# taz.de -- Kunst der Woche: Träume von Räumen
       
       > Max Geisler nimmt Zelte auseinander, Sarah Entwistle das Erbe ihres
       > Großvaters und im Kühlhaus schaffen Studierende aus Weißensee Tatsachen.
       
 (IMG) Bild: Abie Franklin, Surface Dwellers, 2021, Installation bei „Ipso Facto“
       
       Mit diversen Räumen und Architekturen setzt sich Max Geisler schon länger
       auseinander. Bei denjenigen, die ihn in den vergangenen Monaten besonders
       beschäftigt haben, handelt es sich um tragbare, sich selbst entfaltende:
       Geisler hat Wurfzelte aus dem Campingbedarf zerschlitzt, bemalt und
       besprüht.

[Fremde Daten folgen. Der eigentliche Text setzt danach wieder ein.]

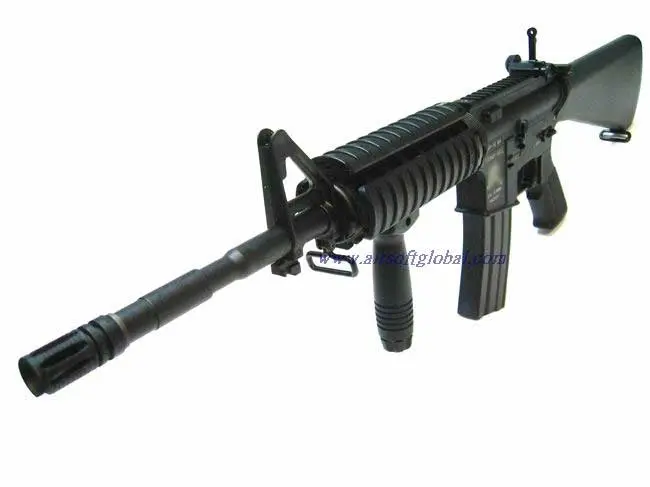Tokyo Marui SR-16 AEG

Viel könnte man in diese Materialwahl hineininterpretieren, die
       in der [1][Ausstellung „Collapse“ bei Mountains] zusammengetragen wurden.
       Erst recht in der aktuellen Situation – Rückzug und Fernweh, Sehnsucht nach
       Natur und Künstlichkeit.
       
       Der Künstler lotet außerdem aber recht klassisch Farb- und Raumwirkung aus,
       benutzt allein schon aus diesem Grund Zelte unterschiedlicher Größen, Typen
       und Funktionen. Eine Schwäche scheint er für solche zu haben, die sich an
       sehr spezifische Nutzer*innen richten. Babystrandmuscheln sind etwa
       dabei oder ein Wurfzelt für Katzen, Absurditäten der Outdoorcommunity, die
       in der Galerie Mountains nun wie abstrakte, knallig-bunte Bilder der
       Zerstörung an den Wänden hängen.
       
       Readymades verwendet auch Sarah Entwistle, [2][deren Einzelausstellung]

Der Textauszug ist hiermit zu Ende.